* Material shown:
--------------------

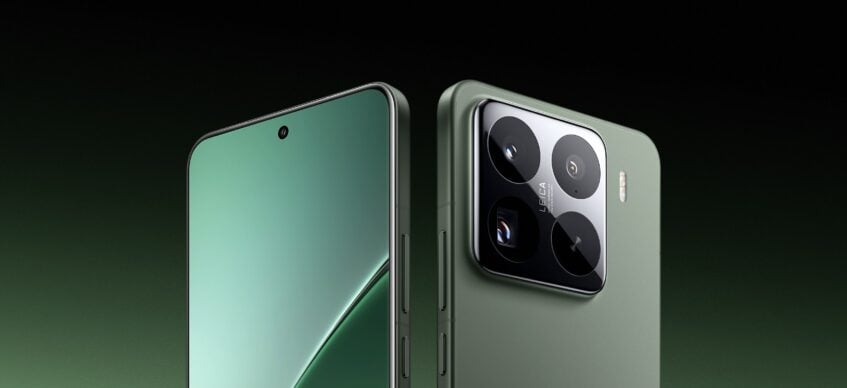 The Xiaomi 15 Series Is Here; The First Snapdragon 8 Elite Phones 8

--------------------

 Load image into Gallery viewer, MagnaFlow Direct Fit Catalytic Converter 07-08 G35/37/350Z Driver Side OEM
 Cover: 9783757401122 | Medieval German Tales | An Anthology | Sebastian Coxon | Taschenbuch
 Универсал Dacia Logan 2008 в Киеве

--------------------

* About this exercise:
Repeat, character for character, the lines of the material above from the line with "Cover: 9783757401122 |" through the line with "Универсал Dacia Logan 2008 в Киеве".

* Output below:
 Cover: 9783757401122 | Medieval German Tales | An Anthology | Sebastian Coxon | Taschenbuch
 Универсал Dacia Logan 2008 в Киеве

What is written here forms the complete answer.